◆ HOW TO COMPLETE THIS TASK:
Please report how many lines of the listing hold the word "photo". Add nothing to the number.

---- SOURCE DATA

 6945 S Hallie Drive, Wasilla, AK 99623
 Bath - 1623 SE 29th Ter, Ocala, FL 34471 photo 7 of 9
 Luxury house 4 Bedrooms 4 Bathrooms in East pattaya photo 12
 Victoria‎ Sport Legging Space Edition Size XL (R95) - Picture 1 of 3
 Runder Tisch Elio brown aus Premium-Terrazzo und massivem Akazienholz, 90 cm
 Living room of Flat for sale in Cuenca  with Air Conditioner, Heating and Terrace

--------
---- SOURCE DATA

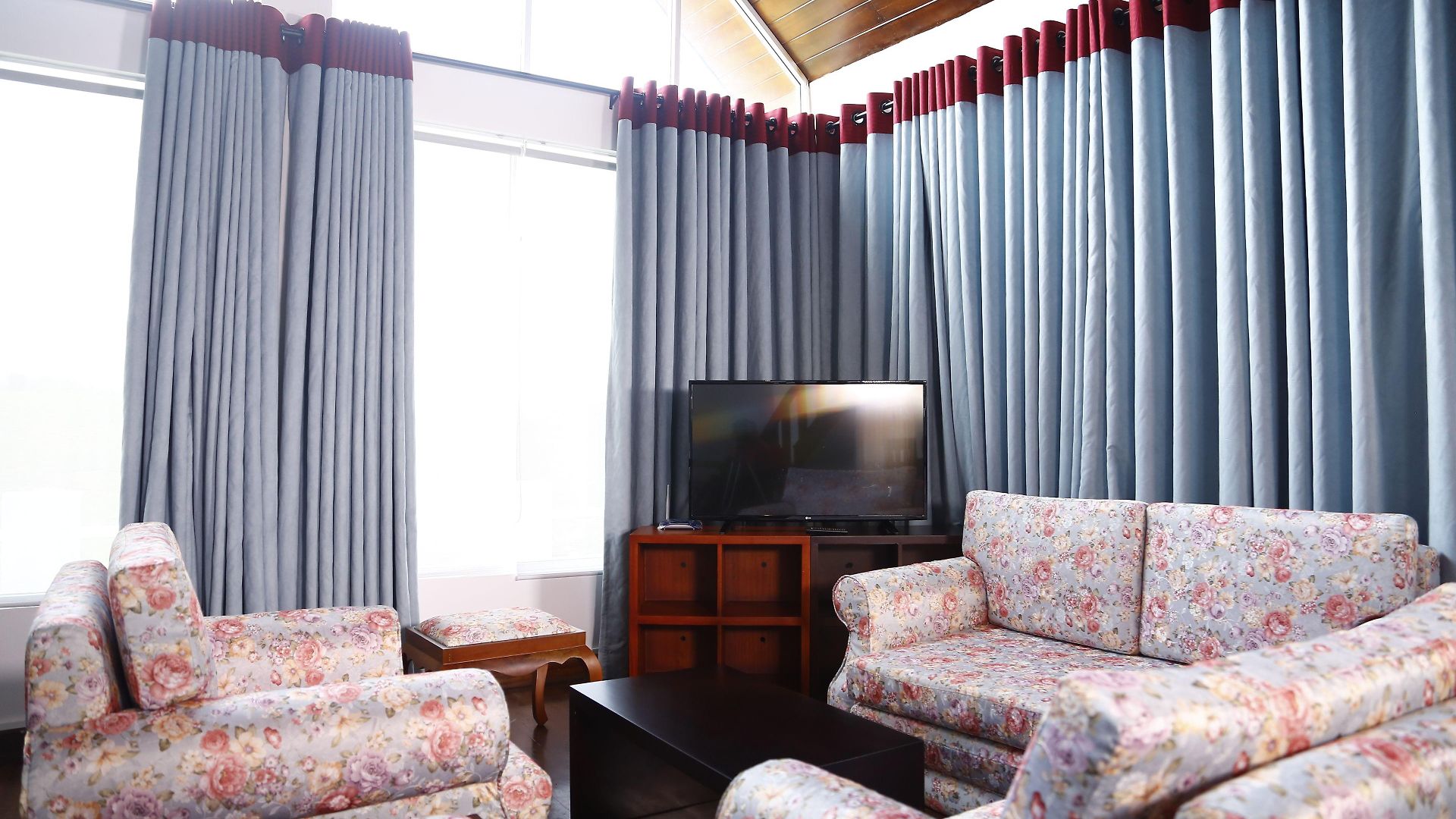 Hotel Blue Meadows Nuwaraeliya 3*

--------
---- SOURCE DATA

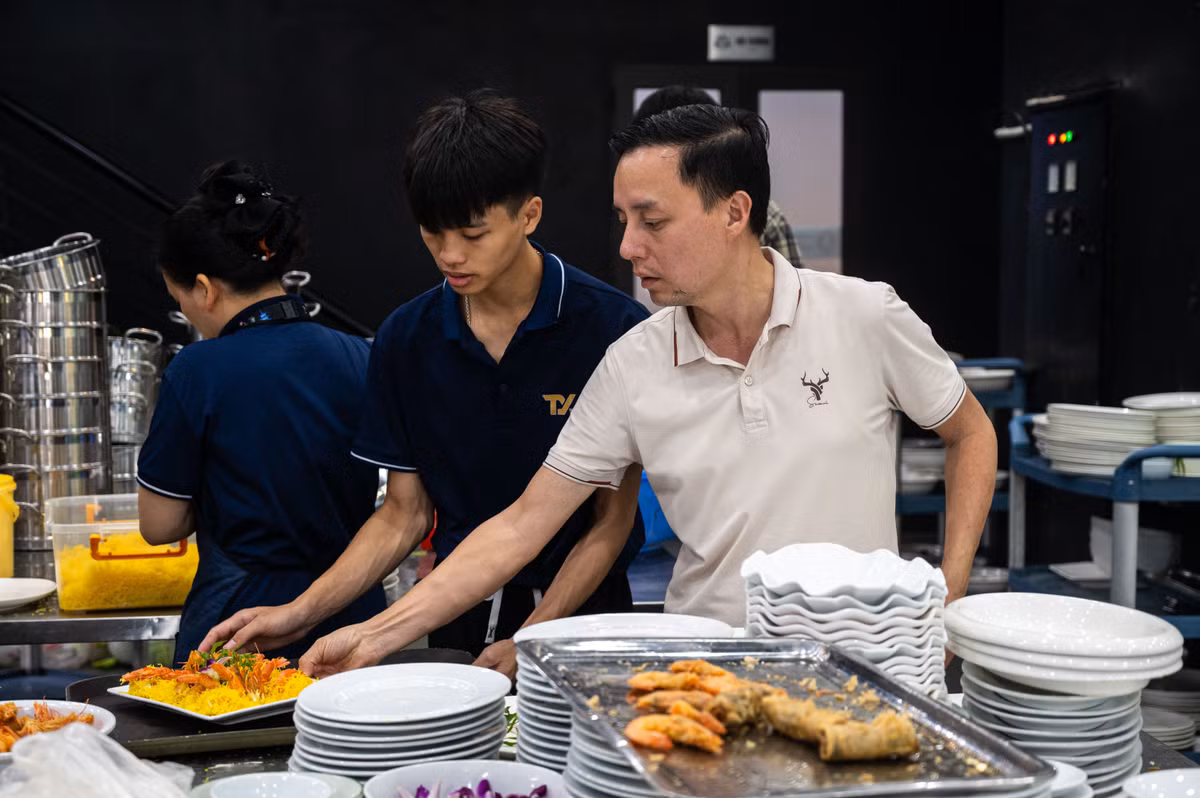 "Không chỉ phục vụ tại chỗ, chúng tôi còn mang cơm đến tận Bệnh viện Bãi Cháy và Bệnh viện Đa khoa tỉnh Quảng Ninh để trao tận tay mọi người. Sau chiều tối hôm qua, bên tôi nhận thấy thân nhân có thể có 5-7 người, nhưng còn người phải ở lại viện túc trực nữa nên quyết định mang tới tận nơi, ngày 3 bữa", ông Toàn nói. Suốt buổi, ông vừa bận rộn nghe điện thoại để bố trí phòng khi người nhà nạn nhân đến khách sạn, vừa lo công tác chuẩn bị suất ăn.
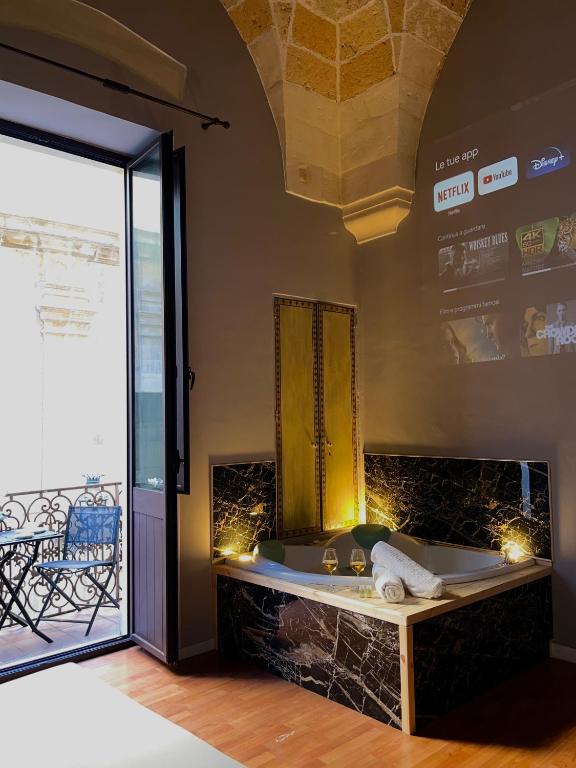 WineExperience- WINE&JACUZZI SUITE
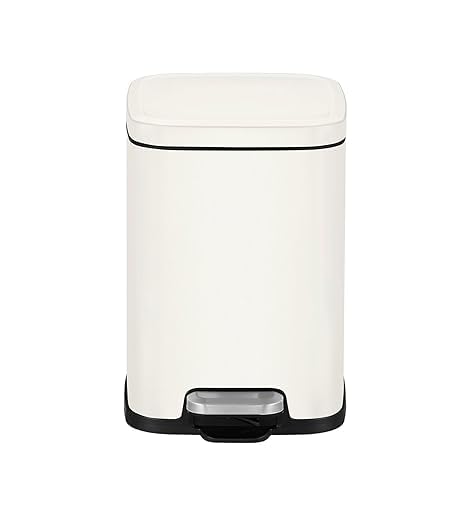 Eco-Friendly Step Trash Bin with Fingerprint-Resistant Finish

--------

◆ COMPLETED EXERCISE:
2